4 thoughts on “Income Inequality in America: Red Herrings and Wealth Envy

  1. Pingback: Biggest Wastes of Money That We All Continue to Pay For (Part 1): Cigarettes and Fashion - Wondergressive

  2. Pingback: Fracking Worse Than You Think: Delusional America and Special Interest

  3. It’s hard to see clearly through your rose colored glasses, from your ivory tower, while sipping on a konyak, isn’t it? You should open your window once in awhile to look and not just to spit. You’re the myopic one. Self-centered, self-absorbed, sociopath. While others work two jobs with no benefits, saving pennies for months and months to buy that on sale $250 TV, you espouse the virtues of the greedy. I’m going to vomit now.


  4. There is absolute wealth and there is relative wealth.

    In terms of absolute wealth, virtually every American enjoys a standard of living beyond the rest of the world. (The Heritage Foundation data conveys this very clearly)

    What Obama constantly talks about, however, is relative wealth. In his eyes, wealth is a zero-sum game … the rich got richer by making the poor poorer. This is a seductive argument, preying on the ‘green-eyed monster’ of envy in all of us.

    Envy is generated by positional concerns only when the individual’s current situation is below his or her own aspiration level.

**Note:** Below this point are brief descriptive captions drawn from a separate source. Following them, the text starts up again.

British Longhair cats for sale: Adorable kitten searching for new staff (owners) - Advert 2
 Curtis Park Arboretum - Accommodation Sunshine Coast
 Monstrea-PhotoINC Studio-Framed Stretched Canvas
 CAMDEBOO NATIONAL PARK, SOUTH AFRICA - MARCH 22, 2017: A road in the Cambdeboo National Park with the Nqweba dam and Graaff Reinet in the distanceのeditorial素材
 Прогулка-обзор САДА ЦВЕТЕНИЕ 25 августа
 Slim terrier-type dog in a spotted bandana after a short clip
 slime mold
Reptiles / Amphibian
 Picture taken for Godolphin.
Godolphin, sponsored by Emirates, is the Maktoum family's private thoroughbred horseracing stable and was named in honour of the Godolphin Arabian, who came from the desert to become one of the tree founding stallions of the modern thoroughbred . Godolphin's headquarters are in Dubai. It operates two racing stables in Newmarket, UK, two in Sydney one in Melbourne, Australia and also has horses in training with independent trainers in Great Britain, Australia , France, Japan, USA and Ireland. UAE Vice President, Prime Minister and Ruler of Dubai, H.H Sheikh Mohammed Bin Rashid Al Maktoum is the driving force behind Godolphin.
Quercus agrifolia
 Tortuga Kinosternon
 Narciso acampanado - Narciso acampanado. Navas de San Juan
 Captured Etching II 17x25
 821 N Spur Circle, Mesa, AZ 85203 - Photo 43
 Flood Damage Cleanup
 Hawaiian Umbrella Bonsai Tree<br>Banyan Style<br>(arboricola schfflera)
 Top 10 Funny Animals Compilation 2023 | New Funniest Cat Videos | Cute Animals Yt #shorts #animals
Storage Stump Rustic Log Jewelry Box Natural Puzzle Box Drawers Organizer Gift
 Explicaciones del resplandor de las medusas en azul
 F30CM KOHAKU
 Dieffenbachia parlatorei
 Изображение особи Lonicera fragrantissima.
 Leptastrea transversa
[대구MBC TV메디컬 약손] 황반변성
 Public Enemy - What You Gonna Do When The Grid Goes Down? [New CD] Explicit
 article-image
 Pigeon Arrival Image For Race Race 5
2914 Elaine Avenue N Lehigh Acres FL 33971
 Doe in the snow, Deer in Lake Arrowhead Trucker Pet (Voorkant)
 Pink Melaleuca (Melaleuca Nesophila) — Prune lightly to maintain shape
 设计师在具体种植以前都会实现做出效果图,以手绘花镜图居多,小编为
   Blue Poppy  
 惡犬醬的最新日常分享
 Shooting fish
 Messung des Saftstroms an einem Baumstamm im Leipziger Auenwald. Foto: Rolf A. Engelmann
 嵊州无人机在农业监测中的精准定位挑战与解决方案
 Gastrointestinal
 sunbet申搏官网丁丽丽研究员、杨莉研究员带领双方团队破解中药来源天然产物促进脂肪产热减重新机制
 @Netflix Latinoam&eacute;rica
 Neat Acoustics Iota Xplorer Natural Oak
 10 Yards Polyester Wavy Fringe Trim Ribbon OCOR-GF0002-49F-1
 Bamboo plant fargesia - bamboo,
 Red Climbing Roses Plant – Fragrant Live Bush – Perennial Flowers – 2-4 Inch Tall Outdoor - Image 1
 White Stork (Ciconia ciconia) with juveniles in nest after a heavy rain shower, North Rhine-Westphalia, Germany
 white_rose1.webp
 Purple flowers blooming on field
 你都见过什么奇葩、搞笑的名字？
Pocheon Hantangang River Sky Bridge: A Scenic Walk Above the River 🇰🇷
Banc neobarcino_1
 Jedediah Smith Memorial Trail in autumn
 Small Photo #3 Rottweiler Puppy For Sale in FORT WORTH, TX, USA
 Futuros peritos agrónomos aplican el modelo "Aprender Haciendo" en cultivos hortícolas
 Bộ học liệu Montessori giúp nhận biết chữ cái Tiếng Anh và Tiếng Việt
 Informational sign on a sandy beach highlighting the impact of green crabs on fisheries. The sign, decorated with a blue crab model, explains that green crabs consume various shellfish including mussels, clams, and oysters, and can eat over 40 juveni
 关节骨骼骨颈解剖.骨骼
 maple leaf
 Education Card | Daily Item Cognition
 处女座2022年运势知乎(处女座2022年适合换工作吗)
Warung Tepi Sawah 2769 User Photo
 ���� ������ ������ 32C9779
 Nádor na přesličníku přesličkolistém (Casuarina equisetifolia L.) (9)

    Here’s a thought experiment to prove the point. Imagine you are presented with two possible worlds. In world A, you earn $110,000 a year while colleagues earn $200,000. In alternative world B, you earn $100,000 a year but your colleagues earn only $85,000. Which would you choose?

    World A seems to be the better option since, in absolute terms, you have more money to spend. But studies have shown that about 50% of people prefer world B. Relative position in a social group proved to be more important than absolute income.

    As long as we think we deserve more, we will become envious of those who have what we want.

    It is this sense of entitlement that drives much of the argument for income inequality.